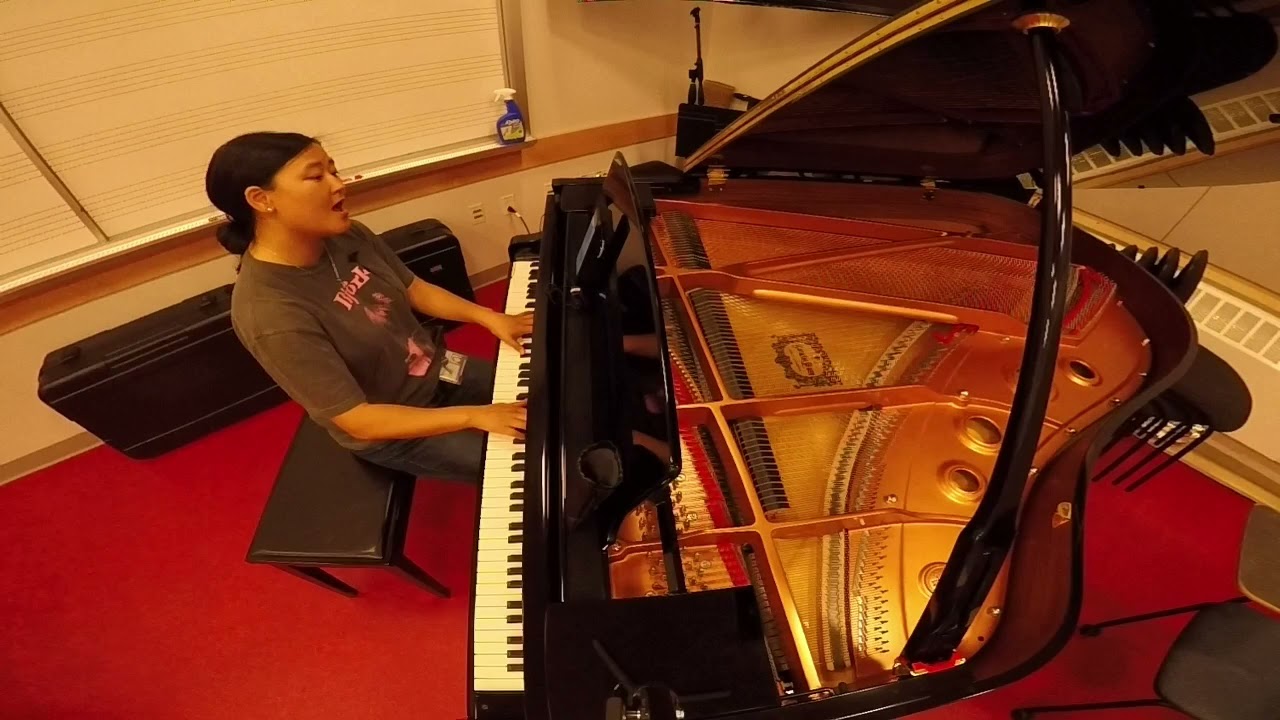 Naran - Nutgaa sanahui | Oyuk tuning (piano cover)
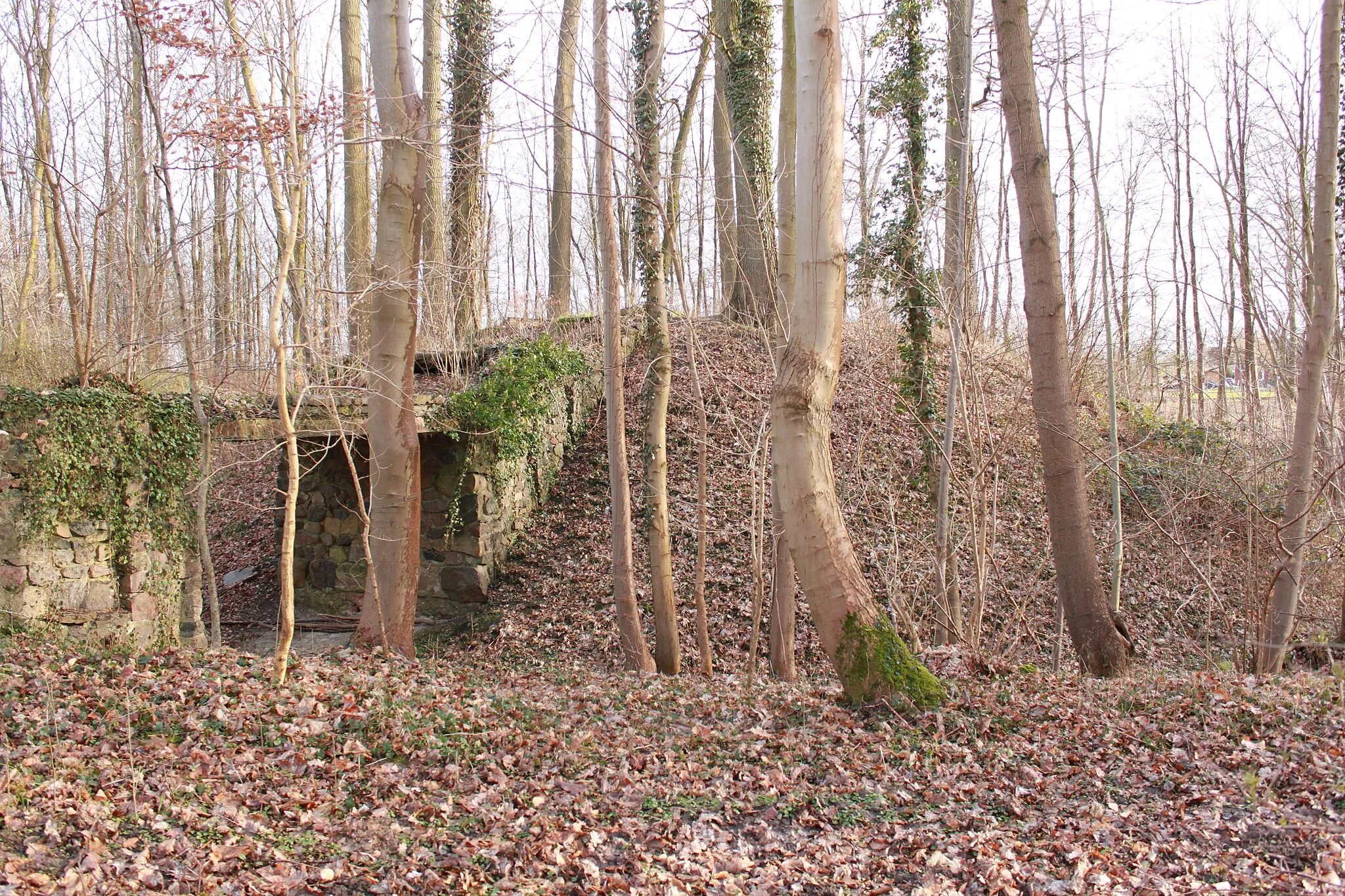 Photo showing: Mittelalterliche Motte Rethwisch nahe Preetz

* * *

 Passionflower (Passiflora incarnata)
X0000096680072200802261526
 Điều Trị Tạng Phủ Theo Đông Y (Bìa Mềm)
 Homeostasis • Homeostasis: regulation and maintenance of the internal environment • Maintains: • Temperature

* * *

▶ [Assignment]
The reply should hold the entries above from the line with "Naran - Nutgaa" to the line with "Photo showing: Mittelalterliche", duplicated exactly, pictures excluded.

▶ [Solution to this task]
 Naran - Nutgaa sanahui | Oyuk tuning (piano cover)
 Photo showing: Mittelalterliche Motte Rethwisch nahe Preetz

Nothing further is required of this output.